Coordinate geometry: midpoint, distance, parallel lines, and perpendicular lines

Overview

Coordinate geometry uses numbers to describe points, distances, and directions on a plane. Instead of saying "the point is somewhere above and to the right," we write an ordered pair such as $(4,3)$ and use it for calculation.

This chapter focuses on four tools:

the midpoint of a line segment;
the distance between two points;
the gradient test for parallel lines;
the gradient test for perpendicular lines.

The big idea is that a drawn line segment can be studied by its endpoints. Once the endpoints are known, learners can find its centre, its length, and how steep it is without measuring the drawing.

These ideas are strongly connected. The distance formula comes from Pythagoras' theorem. The midpoint formula comes from finding the average position. Parallel and perpendicular tests come from comparing gradients. A learner who understands those bridges can check answers instead of only memorising formulas.

+ Syllabus Alignment

Subject: Mathematics
Level: CSEE
Form: Mathematics Form IV
Competence: Use basic coordinate geometry, trigonometry, and vectors skills in daily life
Source topic ID: topic-coordinate-geometry-midpoint-distance-parallel-lines-and-perpendicular-lines
Hub: Coordinate Geometry

This page expands the official Form IV Mathematics syllabus topic Coordinate geometry: midpoint, distance, parallel lines, and perpendicular lines. The syllabus remains the authority for topic placement and scope. Question-map and frequency records are used only as unreviewed assessment signals.

Prerequisites

Mathematics Form III - Earlier coordinate geometry work introduces axes, ordered pairs, gradients, and straight-line equations.
Coordinate Geometry - This hub connects coordinate-plane skills across Forms III and IV.
Coordinate geometry: gradient and straight-line equations - Gradients are needed for parallel and perpendicular line tests.
Graphs of relations and functions - Accurate plotting helps learners see why coordinate calculations make sense.
Pythagoras' theorem - The distance formula is built from horizontal and vertical changes.
Linear simultaneous equations - Intersections of lines may be needed when applying coordinate geometry in larger problems.

Learning Scope

This chapter covers ordered-pair notation, horizontal and vertical changes, midpoint of a line segment, distance between two points, gradient of a line through two points, conditions for parallel lines, conditions for perpendicular lines, and checking routines for coordinate calculations.

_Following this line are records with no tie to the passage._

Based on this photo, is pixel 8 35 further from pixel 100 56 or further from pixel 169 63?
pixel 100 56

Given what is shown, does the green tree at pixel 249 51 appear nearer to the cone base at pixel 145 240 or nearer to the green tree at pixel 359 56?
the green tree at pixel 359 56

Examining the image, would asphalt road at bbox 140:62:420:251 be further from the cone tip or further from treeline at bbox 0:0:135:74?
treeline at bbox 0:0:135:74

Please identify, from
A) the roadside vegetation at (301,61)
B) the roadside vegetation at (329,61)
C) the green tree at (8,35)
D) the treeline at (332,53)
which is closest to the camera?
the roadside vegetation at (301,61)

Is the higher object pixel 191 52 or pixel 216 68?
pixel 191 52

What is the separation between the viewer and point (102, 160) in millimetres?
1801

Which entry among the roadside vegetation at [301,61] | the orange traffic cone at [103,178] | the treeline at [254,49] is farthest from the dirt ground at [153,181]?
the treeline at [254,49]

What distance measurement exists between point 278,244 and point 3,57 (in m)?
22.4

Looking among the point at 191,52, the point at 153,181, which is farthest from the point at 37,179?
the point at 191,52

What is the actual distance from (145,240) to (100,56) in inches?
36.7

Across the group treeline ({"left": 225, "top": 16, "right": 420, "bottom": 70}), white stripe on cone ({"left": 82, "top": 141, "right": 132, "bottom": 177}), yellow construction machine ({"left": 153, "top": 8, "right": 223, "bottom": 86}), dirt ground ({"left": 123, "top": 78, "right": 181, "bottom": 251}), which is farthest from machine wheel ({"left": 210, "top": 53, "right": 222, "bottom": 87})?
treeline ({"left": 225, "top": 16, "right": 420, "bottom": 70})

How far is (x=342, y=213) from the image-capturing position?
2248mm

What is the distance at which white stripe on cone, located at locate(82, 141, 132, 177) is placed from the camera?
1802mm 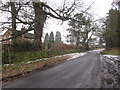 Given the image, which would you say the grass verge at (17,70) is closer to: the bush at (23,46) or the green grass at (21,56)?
the green grass at (21,56)

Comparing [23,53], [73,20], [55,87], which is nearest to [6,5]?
[23,53]

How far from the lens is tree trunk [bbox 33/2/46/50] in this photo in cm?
1599

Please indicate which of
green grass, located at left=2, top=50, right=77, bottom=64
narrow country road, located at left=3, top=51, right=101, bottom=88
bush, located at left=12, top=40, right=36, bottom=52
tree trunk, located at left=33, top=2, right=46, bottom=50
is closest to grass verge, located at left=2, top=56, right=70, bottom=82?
narrow country road, located at left=3, top=51, right=101, bottom=88

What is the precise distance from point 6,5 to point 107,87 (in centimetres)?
1271

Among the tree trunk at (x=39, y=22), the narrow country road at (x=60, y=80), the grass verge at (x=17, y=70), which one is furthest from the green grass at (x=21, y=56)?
the narrow country road at (x=60, y=80)

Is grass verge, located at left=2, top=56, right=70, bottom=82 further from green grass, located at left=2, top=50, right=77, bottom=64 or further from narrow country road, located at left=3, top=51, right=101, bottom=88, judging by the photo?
green grass, located at left=2, top=50, right=77, bottom=64

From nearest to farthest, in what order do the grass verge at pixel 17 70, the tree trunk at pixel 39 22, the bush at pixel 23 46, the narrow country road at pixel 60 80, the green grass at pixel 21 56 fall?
the narrow country road at pixel 60 80 → the grass verge at pixel 17 70 → the green grass at pixel 21 56 → the bush at pixel 23 46 → the tree trunk at pixel 39 22

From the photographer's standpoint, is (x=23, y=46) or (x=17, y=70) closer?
(x=17, y=70)

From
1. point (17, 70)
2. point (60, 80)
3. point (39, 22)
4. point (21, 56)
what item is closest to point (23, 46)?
point (21, 56)

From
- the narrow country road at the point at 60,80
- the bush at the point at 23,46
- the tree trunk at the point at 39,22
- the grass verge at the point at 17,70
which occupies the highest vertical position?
the tree trunk at the point at 39,22

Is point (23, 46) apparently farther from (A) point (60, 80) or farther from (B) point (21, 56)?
(A) point (60, 80)

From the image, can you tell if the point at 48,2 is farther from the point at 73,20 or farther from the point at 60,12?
the point at 73,20

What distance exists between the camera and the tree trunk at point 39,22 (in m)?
16.0

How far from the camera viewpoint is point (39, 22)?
16.0m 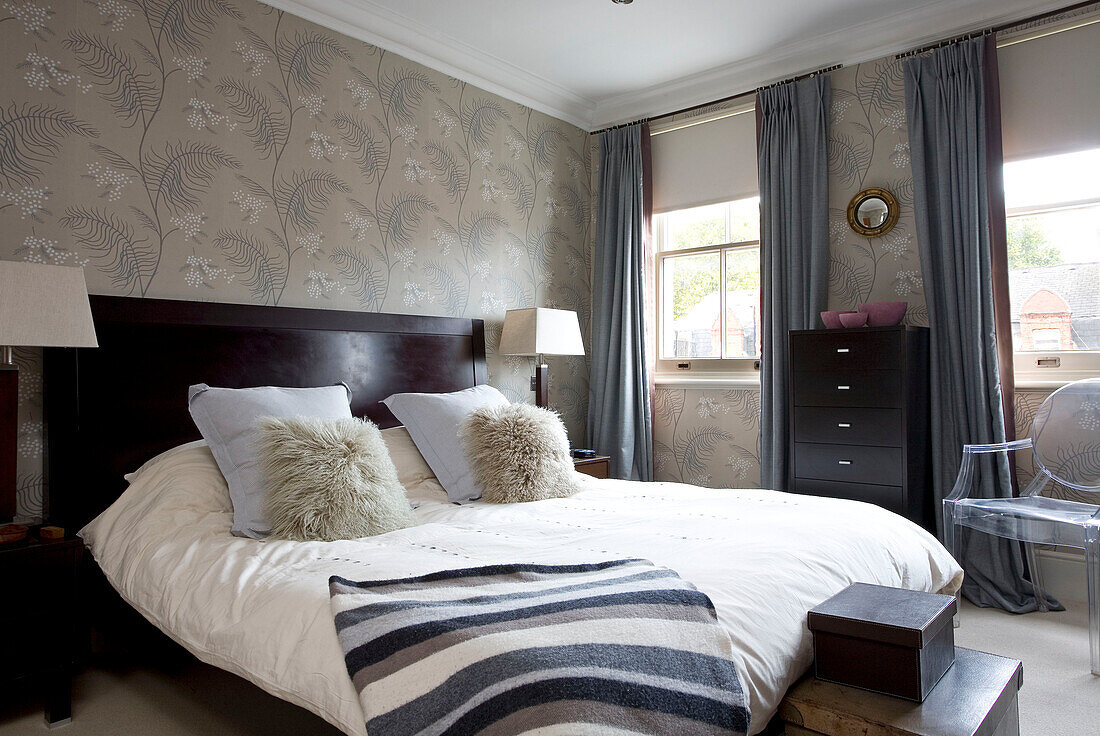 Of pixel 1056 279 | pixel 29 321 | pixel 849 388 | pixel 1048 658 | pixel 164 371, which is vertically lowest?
pixel 1048 658

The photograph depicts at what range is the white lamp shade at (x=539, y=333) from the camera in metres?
3.95

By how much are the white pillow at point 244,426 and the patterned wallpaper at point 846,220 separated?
2459 millimetres

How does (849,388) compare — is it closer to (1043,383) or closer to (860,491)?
(860,491)

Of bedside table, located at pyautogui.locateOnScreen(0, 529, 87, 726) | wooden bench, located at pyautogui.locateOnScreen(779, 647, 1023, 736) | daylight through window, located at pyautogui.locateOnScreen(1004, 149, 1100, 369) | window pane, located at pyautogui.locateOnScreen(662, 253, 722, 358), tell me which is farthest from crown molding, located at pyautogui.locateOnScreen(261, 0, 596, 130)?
wooden bench, located at pyautogui.locateOnScreen(779, 647, 1023, 736)

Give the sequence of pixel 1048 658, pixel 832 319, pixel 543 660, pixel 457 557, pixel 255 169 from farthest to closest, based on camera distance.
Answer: pixel 832 319 → pixel 255 169 → pixel 1048 658 → pixel 457 557 → pixel 543 660

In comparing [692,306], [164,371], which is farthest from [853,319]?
[164,371]

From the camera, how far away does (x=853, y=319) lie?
3496 millimetres

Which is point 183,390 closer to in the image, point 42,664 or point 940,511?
point 42,664

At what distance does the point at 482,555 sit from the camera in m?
1.94

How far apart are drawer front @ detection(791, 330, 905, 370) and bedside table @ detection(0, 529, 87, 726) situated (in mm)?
3077

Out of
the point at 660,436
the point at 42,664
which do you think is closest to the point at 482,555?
the point at 42,664

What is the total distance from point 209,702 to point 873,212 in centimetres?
361

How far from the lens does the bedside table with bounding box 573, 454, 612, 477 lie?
12.9 ft

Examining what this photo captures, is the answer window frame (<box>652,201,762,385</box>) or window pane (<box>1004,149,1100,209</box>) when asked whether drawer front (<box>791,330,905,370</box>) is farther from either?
window pane (<box>1004,149,1100,209</box>) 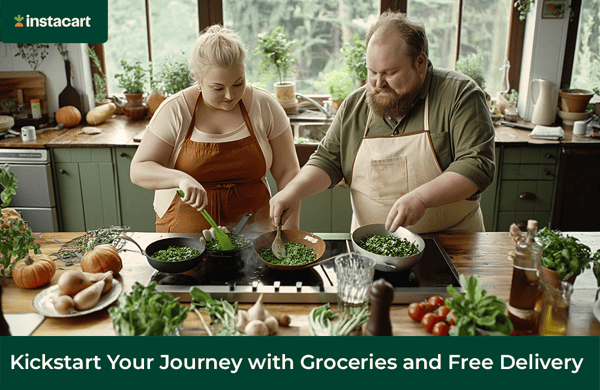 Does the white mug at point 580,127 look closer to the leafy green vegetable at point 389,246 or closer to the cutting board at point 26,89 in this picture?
the leafy green vegetable at point 389,246

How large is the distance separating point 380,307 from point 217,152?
4.20 feet

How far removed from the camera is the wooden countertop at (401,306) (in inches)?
60.2

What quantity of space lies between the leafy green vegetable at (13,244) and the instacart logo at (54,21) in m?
1.55

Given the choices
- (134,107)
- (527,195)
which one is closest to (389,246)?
(527,195)

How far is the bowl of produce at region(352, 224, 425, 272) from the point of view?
1733 mm

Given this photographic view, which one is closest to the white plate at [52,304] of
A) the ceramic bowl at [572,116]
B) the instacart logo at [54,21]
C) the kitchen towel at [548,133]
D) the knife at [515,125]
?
the instacart logo at [54,21]

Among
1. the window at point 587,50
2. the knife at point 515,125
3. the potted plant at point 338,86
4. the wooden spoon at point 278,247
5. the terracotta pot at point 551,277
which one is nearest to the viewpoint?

This page does not attempt to cover every straight-line equation method or full analytic geometry proof. It gives the Form IV learner the core tools needed to solve midpoint, distance, parallel-line, and perpendicular-line questions.

Subtopics

Coordinates And Line Segments

A point on the coordinate plane is written as $(x,y)$. The $x$-coordinate tells how far left or right the point is from the origin. The $y$-coordinate tells how far up or down it is.

If two points are joined, they form a line segment. For example, points:

$$ A(2,1)\quad \text{and}\quad B(8,5) $$

form the segment $AB$.

The movement from $A$ to $B$ has two parts:

horizontal change: $8-2=6$;
vertical change: $5-1=4$.

These two changes are the raw material for distance and gradient. The horizontal change is often called "change in $x$" and the vertical change is called "change in $y$".

Checking routine:

Label the two points clearly.
Write the first point as $(x_1,y_1)$ and the second as $(x_2,y_2)$.
Find $x_2-x_1$ and $y_2-y_1$.
Keep the signs for gradient.
Use squared changes for distance, so signs do not affect the final length.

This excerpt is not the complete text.